Geometria skrzyżowania wyklucza sygnalizację świetlną
Jak dodaje, Zarząd Dróg Wojewódzkich wreszcie zajął się sprawą. Do końca roku ma być gotowa koncepcja rozwiązania poprawiającego bezpieczeństwo na skrzyżowaniu DW 901 i DW 907.
- Mam nadzieję, że temat będzie kontynuowany i powstanie rondo - wskazuje wójt.
Zaznacza, że geometria skrzyżowania jest taka, że swojego zadania nie spełni sygnalizacja świetlna. Optymalnym rozwiązaniem byłoby rondo, tak jak kilka kilometrów dalej od skrzyżowania, gdzie doszło do tragedii.
To bardzo niebezpieczne skrzyżowanie
- W miejscu tym zdarza się wiele kolizji i niebezpiecznych sytuacji. Od tragicznego wypadku byłem świadkiem przynajmniej dwóch sytuacji, gdy kierowcy - uczestnicy kolizji - spisywali oświadczenia. To oczywiście nie trafi do policyjnych statystyk - zaznacza wójt.
Skrzyżowanie jest niebezpieczne z powodu złej geometrii. Nie zostało zbudowane tak jak większość skrzyżowań w formie krzyż, ale znaku X. Jak dojeżdża się do niego DW 901, a ma się auto pełne pasażerów, to nie widać czy coś jedzie po prawej. Najpierw więc kierowca musi skręcić prawo i sprawdzić, czy z tamtej strony nic nie jedzie. Niektórzy zmotoryzowani w ogóle nie zatrzymują się przed znakiem STOP.
Tragedia, która wstrząsnęła całym Śląskiem
Przypomnijmy, tragedia wstrząsnęła całym Śląskiem. Ofiary i ranni to uczniowie Technikum Leśnego w Brynku, zapaleni ornitolodzy. Samochód osobowy, którym podróżowali chłopcy zderzył się z ciężarówką przewożącą koparkę
Kierowca osobówki, nie zatrzymując się przed znakiem STOP, wjechał na drogę wojewódzką nr 901, gdzie doszło do wypadku. Po zderzeniu tir przewrócił się na bok.

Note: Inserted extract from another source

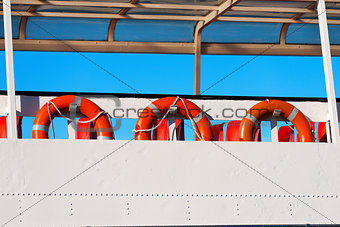 Lifebuoys in a Ferry Boat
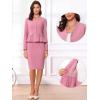 imageAllegra K 2 Piece Skirt Sets for Women Long Sleeve Blazer and Pencil Skirt Business SuitsDark Rose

Na miejscu pracowały wszystkie służby ratunkowe. Oprócz dwóch ofiar śmiertelnych, troje pasażerów samochodu osobowego zostało ciężko rannych - dwie osoby przetransportowano śmigłowcami Lotniczego Pogotowia Ratunkowego, a kolejną przewieziono karetką do szpitala.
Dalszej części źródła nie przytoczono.